__Description of the task__.
Output must consist only of the lines of the material below from the one with "Harmaa denimmekko, jossa" through the one with "a couple of men standing next to each other", each reproduced exactly; no pictures belong in it.

__Working data__.
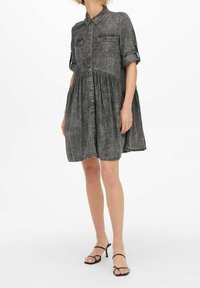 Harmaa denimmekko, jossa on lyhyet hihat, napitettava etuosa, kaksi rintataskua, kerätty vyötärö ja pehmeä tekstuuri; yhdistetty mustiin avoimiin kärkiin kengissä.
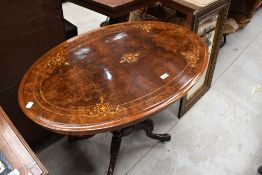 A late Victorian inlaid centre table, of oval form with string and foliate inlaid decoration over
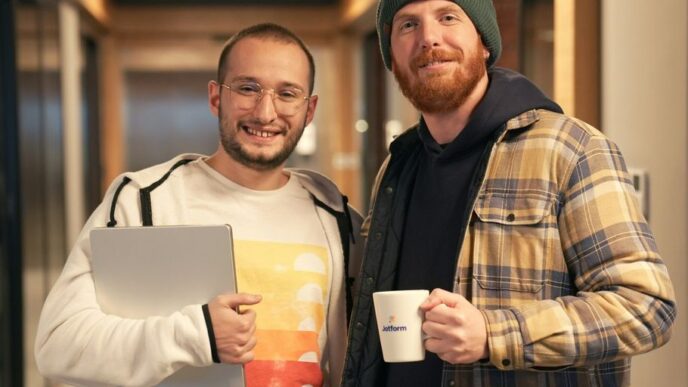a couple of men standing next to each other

==

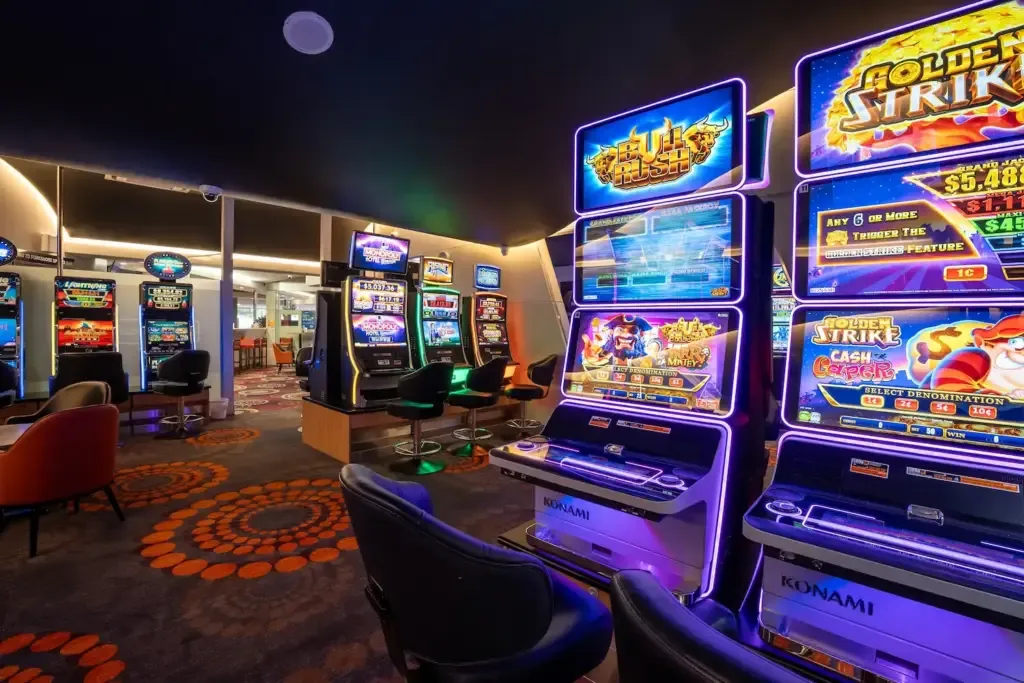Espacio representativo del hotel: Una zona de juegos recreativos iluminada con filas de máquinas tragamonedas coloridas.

* * *

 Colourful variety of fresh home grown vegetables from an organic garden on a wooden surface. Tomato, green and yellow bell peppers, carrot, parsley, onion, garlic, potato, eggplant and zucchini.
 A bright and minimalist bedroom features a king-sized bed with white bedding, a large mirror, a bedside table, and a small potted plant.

__Solved exercise__.
 Harmaa denimmekko, jossa on lyhyet hihat, napitettava etuosa, kaksi rintataskua, kerätty vyötärö ja pehmeä tekstuuri; yhdistetty mustiin avoimiin kärkiin kengissä.
 A late Victorian inlaid centre table, of oval form with string and foliate inlaid decoration over
a couple of men standing next to each other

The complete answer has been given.